> Task brief: Look through the records below for the line holding "Symphony Suite @". Write it out exactly, with each following line through the line holding "Joyeria: Becker- Broche".

> Material provided:
——

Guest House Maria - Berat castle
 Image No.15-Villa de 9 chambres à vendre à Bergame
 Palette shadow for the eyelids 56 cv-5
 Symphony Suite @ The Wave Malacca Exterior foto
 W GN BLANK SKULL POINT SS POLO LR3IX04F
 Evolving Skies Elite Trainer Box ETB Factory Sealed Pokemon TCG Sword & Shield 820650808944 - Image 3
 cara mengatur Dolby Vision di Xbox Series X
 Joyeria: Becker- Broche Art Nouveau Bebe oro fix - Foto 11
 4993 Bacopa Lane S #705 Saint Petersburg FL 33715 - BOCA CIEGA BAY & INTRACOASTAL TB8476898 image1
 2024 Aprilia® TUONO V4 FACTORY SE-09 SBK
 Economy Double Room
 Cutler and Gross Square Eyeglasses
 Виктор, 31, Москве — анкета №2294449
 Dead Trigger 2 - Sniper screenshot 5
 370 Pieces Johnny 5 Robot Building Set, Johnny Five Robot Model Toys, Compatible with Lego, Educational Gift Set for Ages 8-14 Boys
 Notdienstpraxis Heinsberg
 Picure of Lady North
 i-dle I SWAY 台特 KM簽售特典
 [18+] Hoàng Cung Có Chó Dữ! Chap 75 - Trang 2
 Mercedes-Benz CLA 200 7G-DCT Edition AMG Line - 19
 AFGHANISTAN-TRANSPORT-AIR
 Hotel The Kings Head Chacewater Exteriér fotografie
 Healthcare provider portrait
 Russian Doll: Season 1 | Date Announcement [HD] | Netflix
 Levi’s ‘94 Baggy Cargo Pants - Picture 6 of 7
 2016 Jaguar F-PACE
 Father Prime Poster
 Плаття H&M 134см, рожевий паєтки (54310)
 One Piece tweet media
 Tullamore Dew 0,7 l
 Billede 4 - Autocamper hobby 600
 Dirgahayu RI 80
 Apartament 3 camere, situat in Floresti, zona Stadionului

——

> Exercise output:
 Symphony Suite @ The Wave Malacca Exterior foto
 W GN BLANK SKULL POINT SS POLO LR3IX04F
 Evolving Skies Elite Trainer Box ETB Factory Sealed Pokemon TCG Sword & Shield 820650808944 - Image 3
 cara mengatur Dolby Vision di Xbox Series X
 Joyeria: Becker- Broche Art Nouveau Bebe oro fix - Foto 11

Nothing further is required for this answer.